> **RECORDS FOR THE TASK**
((
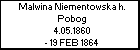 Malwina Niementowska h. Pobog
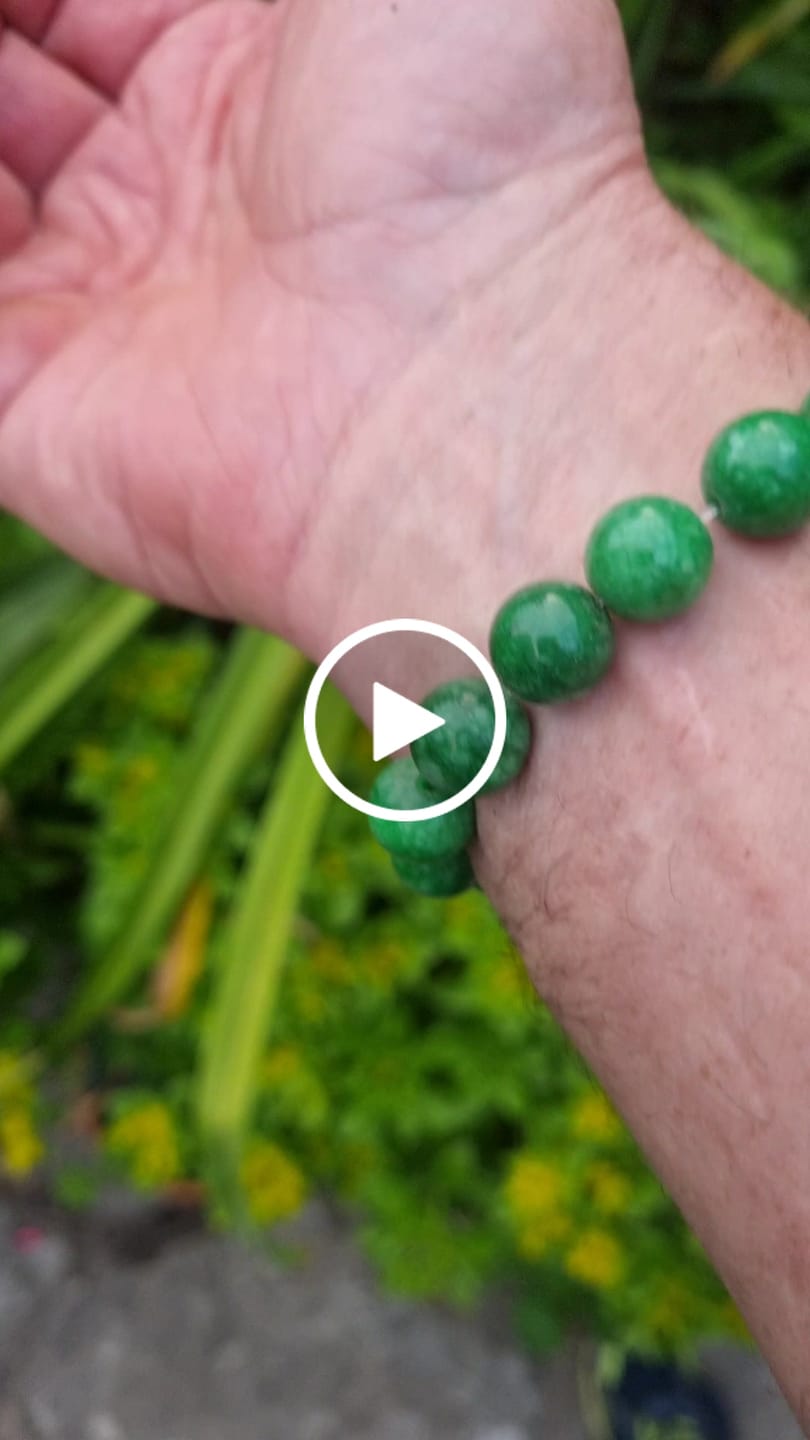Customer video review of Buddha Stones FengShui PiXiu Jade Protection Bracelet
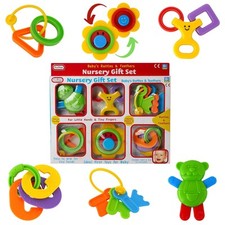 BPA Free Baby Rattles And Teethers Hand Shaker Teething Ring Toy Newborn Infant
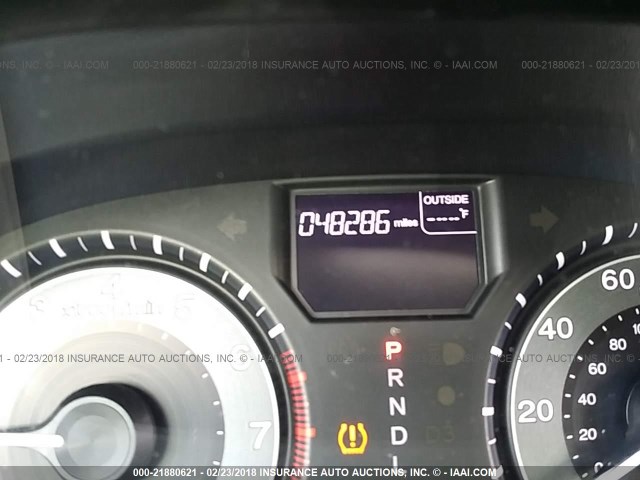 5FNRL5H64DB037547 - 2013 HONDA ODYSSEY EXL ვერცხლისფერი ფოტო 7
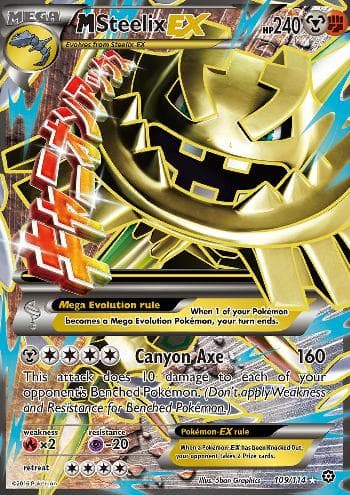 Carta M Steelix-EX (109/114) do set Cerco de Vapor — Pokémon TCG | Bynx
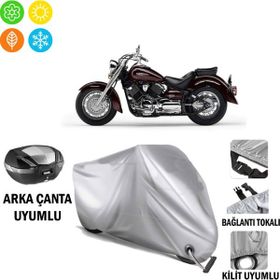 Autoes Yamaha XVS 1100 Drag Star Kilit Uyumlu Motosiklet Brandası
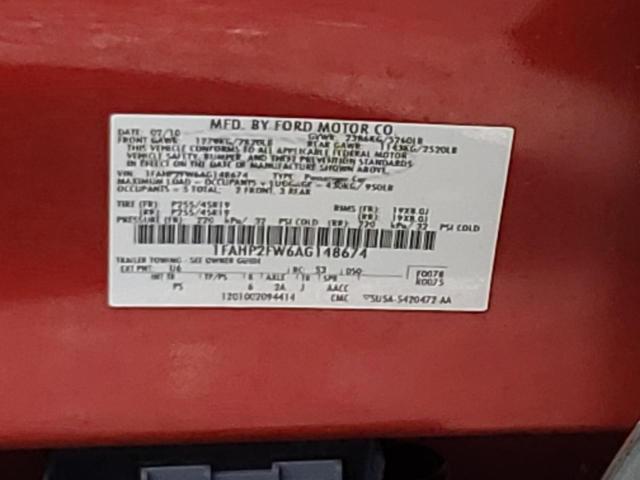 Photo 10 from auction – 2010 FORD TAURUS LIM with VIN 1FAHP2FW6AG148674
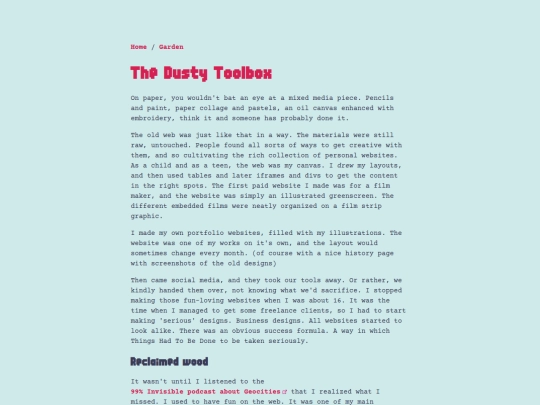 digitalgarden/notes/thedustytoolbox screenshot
))
((
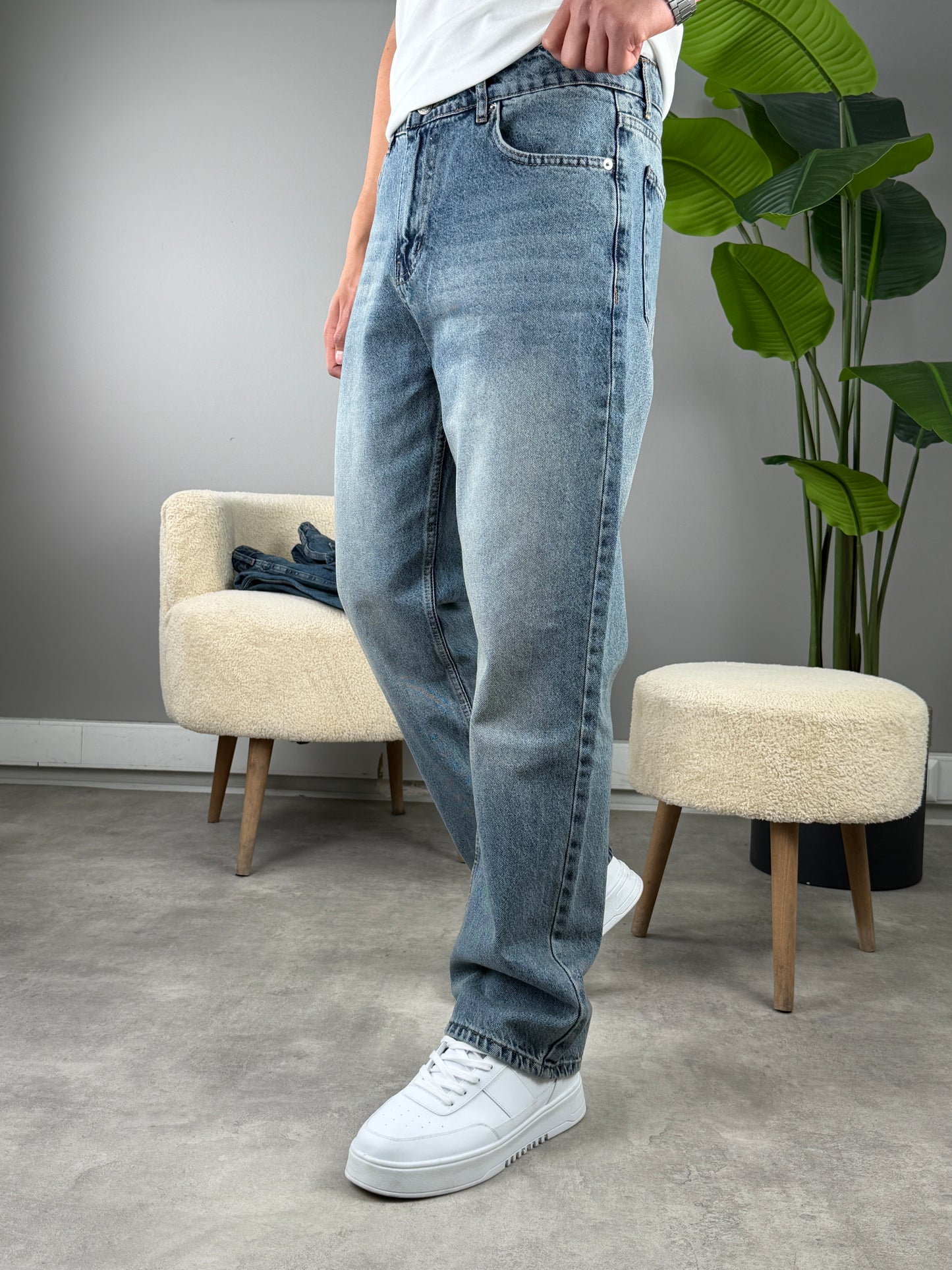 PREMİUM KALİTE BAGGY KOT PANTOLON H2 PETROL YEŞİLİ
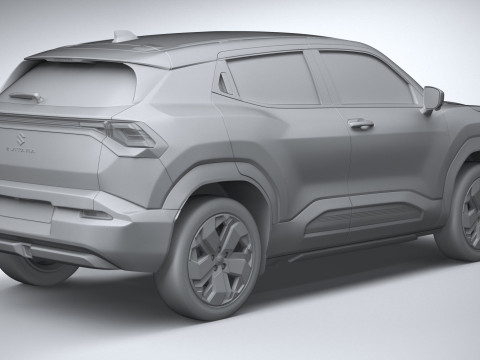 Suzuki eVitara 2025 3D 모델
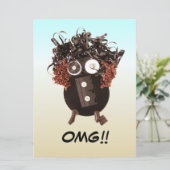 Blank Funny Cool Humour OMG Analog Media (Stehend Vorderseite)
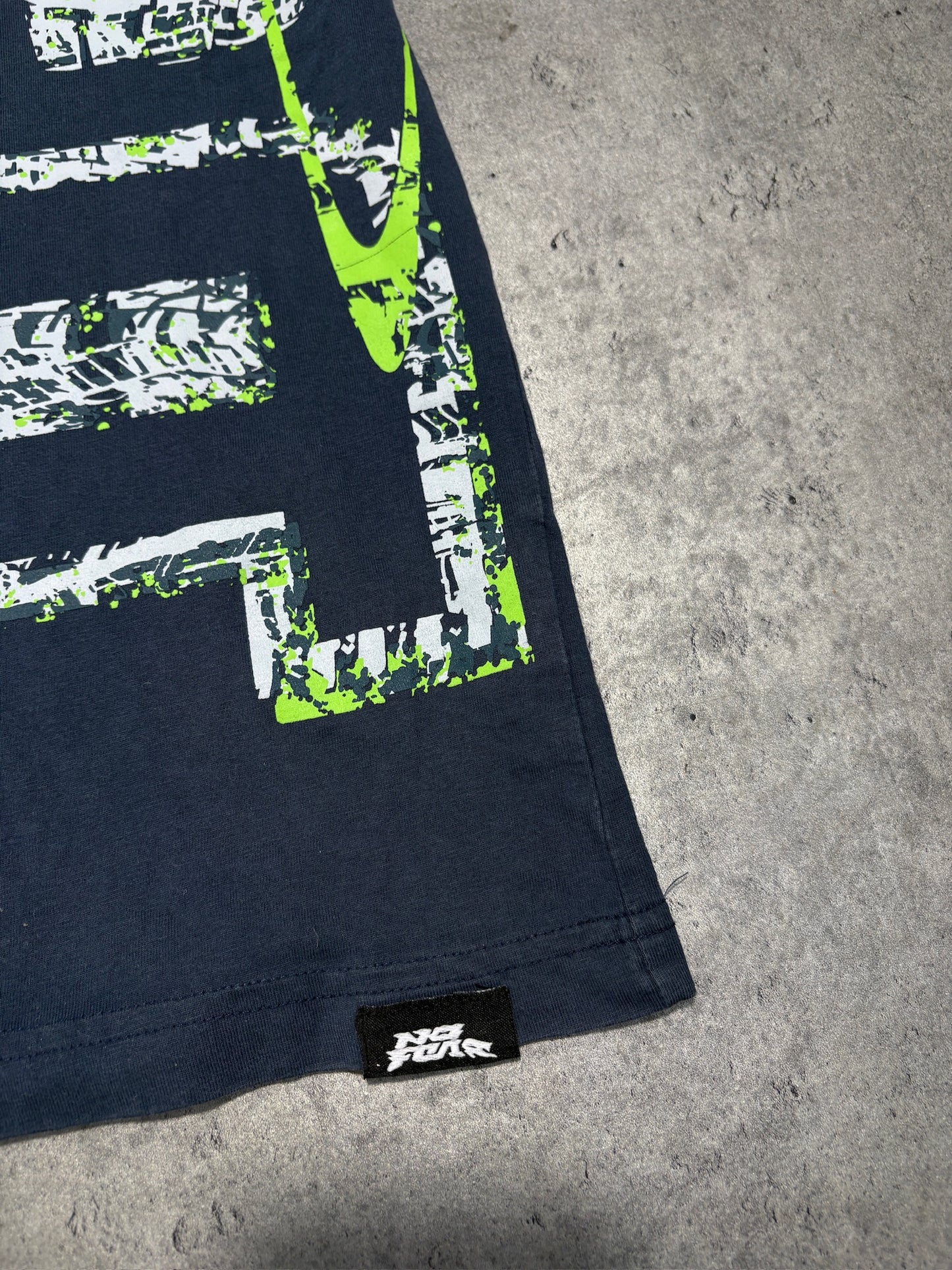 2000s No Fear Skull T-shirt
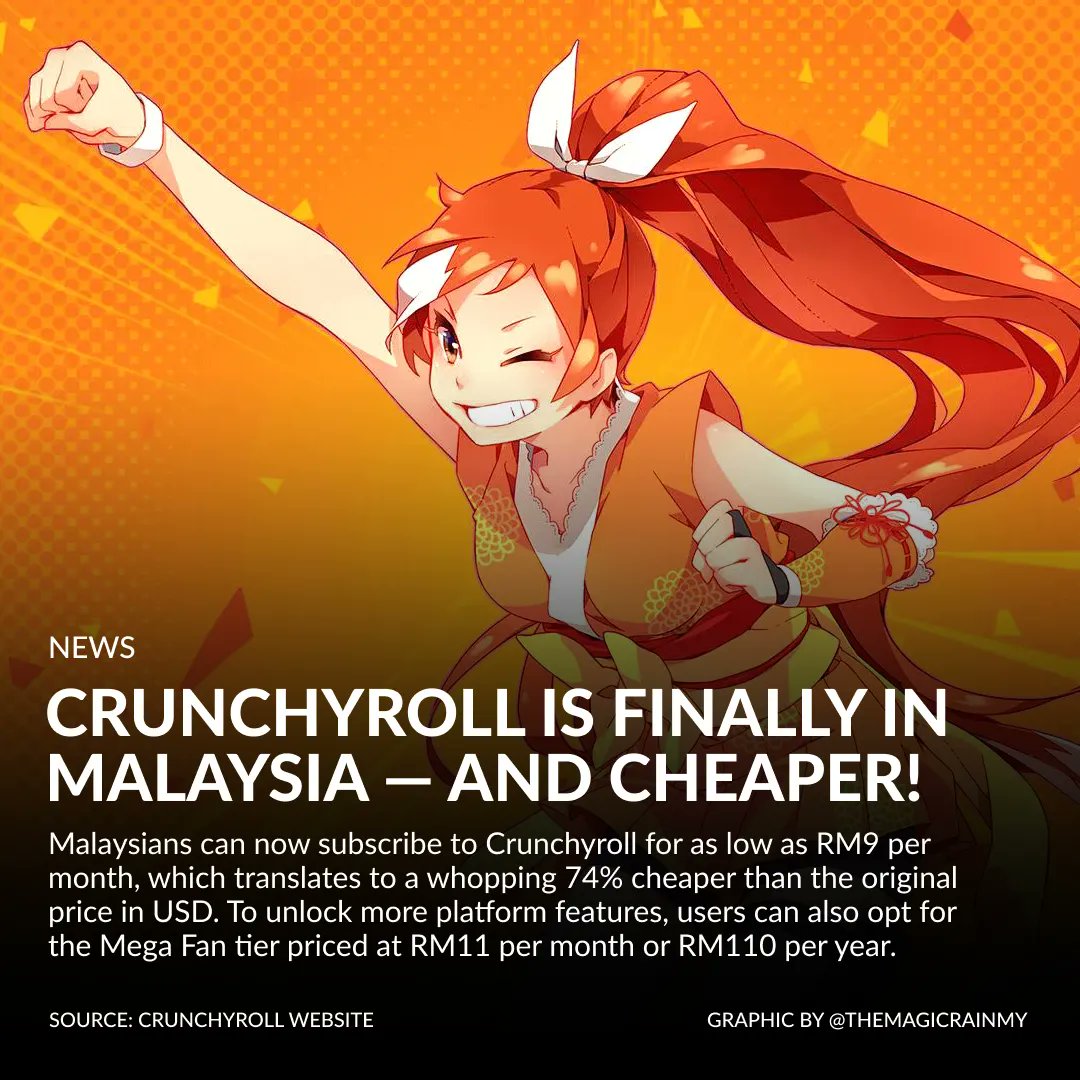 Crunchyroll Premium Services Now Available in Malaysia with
))
Your answer should be the lines above, word for word, from the line with "Carta M Steelix-EX" through the line with "digitalgarden/notes/thedustytoolbox screenshot", minus the pictures.

> **PROBLEM SOLUTION**
 Carta M Steelix-EX (109/114) do set Cerco de Vapor — Pokémon TCG | Bynx
 Autoes Yamaha XVS 1100 Drag Star Kilit Uyumlu Motosiklet Brandası
 Photo 10 from auction – 2010 FORD TAURUS LIM with VIN 1FAHP2FW6AG148674
 digitalgarden/notes/thedustytoolbox screenshot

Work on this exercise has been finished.